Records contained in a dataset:
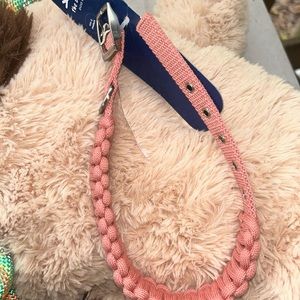 Youly the bohemian collar. New with tags.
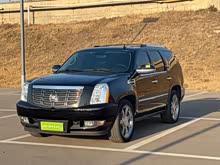 ���׵�ESCALADE 2010�� 6.0 Hybrid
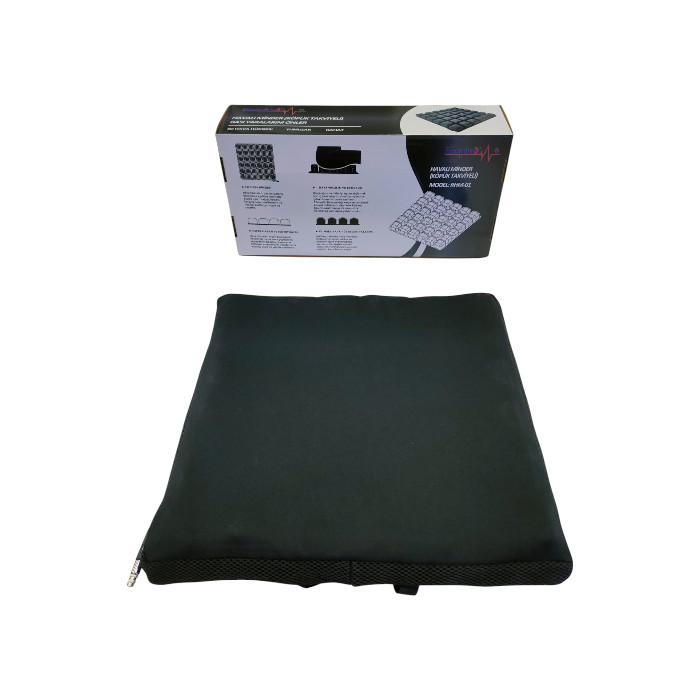 Respirox RHM-01 Köpük Takviyeli Havalı Minder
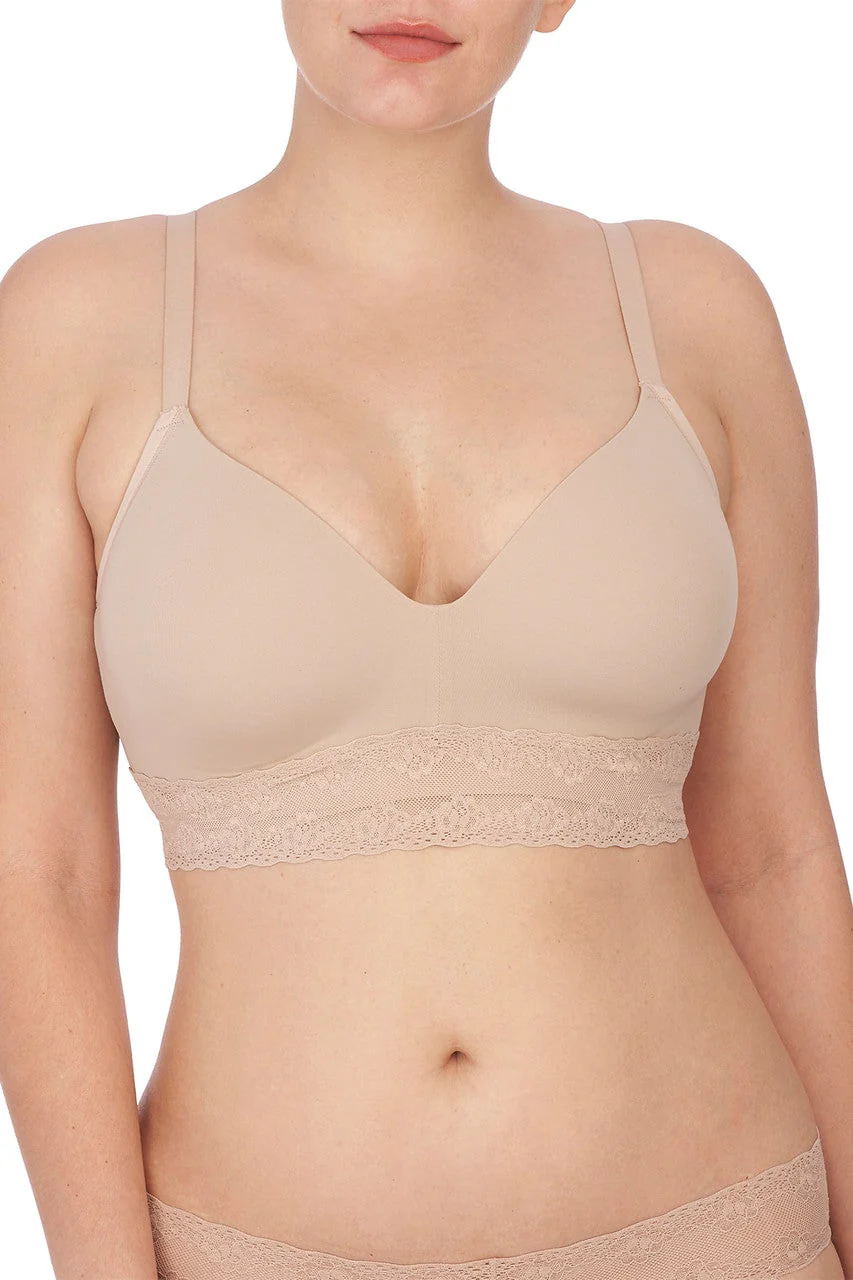 Bliss Perfection Contour Soft Cup Bra - Image 4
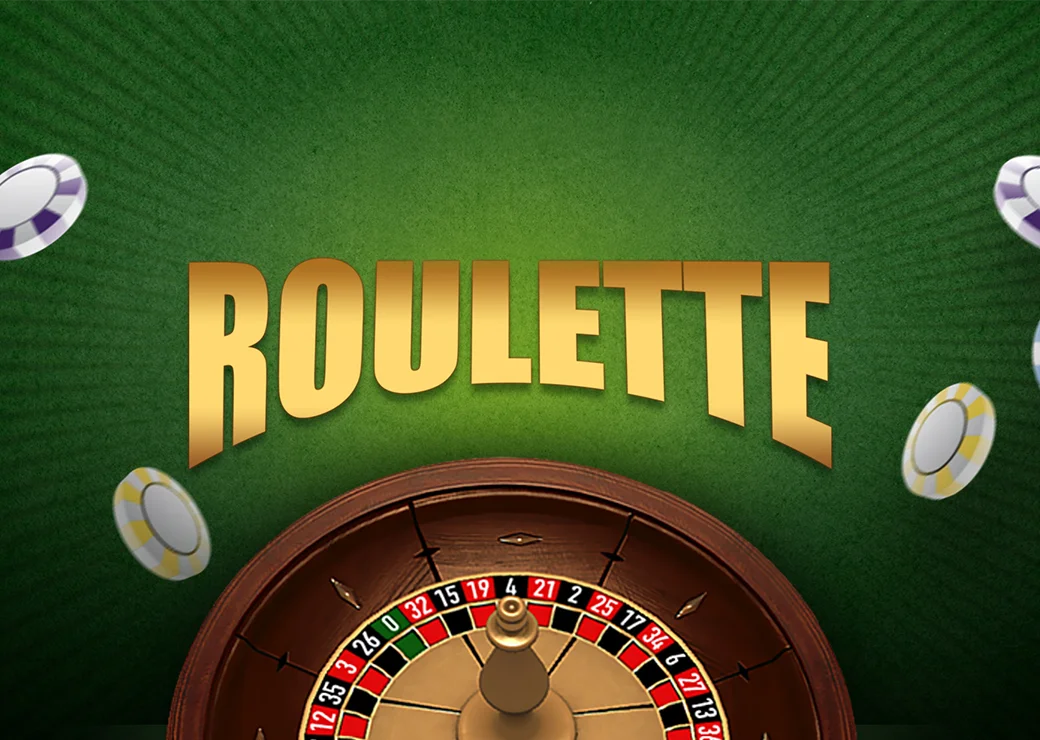 Roulette Nouveau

*To do*
Please retype every record above exactly, leaving out the pictures.

*Output of the exercise*
 Youly the bohemian collar. New with tags.
 ���׵�ESCALADE 2010�� 6.0 Hybrid
 Respirox RHM-01 Köpük Takviyeli Havalı Minder
 Bliss Perfection Contour Soft Cup Bra - Image 4
 Roulette Nouveau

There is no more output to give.